Below, Tony Carvajal, a CrossFit trainer with RSP Nutrition, explains all of the components of fitness that you need to know about, plus tips for improving your game in each area. Never was there a better argument for workout cycling than this back-to-basics approach to fitness.
For the most effective workout, be sure to hit the 5 components of fitness
1. Cardiovascular endurance
This element of a good workout routine is all about your heart. “Cardiovascular fitness is the ability of the heart and lungs to supply oxygen-rich blood to the working muscle tissues, and the ability of the muscles to use oxygen to produce energy for movement for a sustained duration,” Carvajal says. It’s pretty important when it comes to managing everyday activities, particularly from a longevity standpoint, even in a world where many of us have necessarily reduced the amount we physically exert ourselves (because computers). It’s also critical for having a heart that’s in tip-top shape.
You’ll notice that cardiovascular (or cardio) fitness machines tend to have their own section in the gym, filled with rows of treadmills and bikes and elliptical machines, all of which work to spike your heart rate. And the good news is that your cardio endurance is something that can be improved in a multitude of ways, according to Carvajal. “There are many different styles of cardiovascular training ranging from long distance running to metabolic conditioning—basically anything that will keep the body producing a high heart rate for a long period of time,” he says. “Pick the training that best fits you—[spinning, swimming, hiking, dancing, or just, you know, walking]—and constantly try increasing the duration time each training session at the same pace, slowly opening up the endurance threshold and strengthening the heart and lungs.”
2. Muscular strength
“Muscular strength refers to the amount of force a muscle can produce with a single maximal effort [example: one rep],” he says. “The size of your muscle fibers and the ability of nerves to activate muscle fibers are related to muscle strength.” Muscular strength is measured through power output, driving force, pulling load, and carrying heavy loads, Carvajal explains, and can be improved by lifting, pulling, pushing, and carrying heavy loads for shorter reps and shorter duration.
This is where bodyweight training or weight training come in. “The goal is to slowly lift heavier in small increments each session,” he says. Bad news for the girl who always picks the lightest weights in the room—aka me—if you’re trying to improve your muscular strength, you absolutely can lift too light; here, five reasons you should make yourself legit strength train even if you aren’t keen on it. And this is what to know about the three keys of good weight training.
3. Muscular endurance
Endurance is all about keeping your heart rate up for an extended amount of time at once. “Muscular endurance is the ability of muscle fibers to exert force and movement and remain active for a long period of time, as well as their ability to resist, withstand, recover from, and have immunity to trauma, wounds, or fatigue,” Carvajal explains. It can only be achieved muscle group by muscle group, meaning you might have high endurance capabilities in your core, but not so much in your calves or biceps.

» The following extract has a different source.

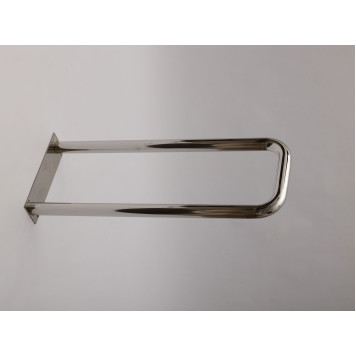 Поручень настенный стационарный 620230мм (ПРОДАЕМ ИЗ НАЛИЧИЯ) POR-0000002-2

That said, you can improve endurance in a particular muscle group by targeting it with light weights lifted at a higher rep count (like you might do in a Pop Physique class), engaging in body-weight-dependent exercises (aka exercises like plank pose), or repetitively pushing a bike pedal against resistance, and other such staple moves.

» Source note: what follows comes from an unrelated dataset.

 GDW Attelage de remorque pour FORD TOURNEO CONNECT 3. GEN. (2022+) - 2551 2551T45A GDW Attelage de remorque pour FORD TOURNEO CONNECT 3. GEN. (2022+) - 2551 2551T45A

Flexibility is important in anyone’s fitness regimen, and is a key one of the components of fitness, as it has to do with the health of your joints. “Flexibility refers to the range of motion for a given joint,” he says. “The degree of flexibility that a person has is influenced by muscles and connective tissues, like ligaments and tendons.” And it’s more than about just touching your toes. Flexibility reduces your risk of injury, and is improved by (duh) constant stretching. “By regularly stretching, you will elongate muscles, ligaments, and joints and open up the body’s range of motion,” says Carvajal. Can’t touch your toes? Try these yoga stretches stat. Plus, if you’re looking for somewhere specific to start, this is the part of your body where flexibility matters most.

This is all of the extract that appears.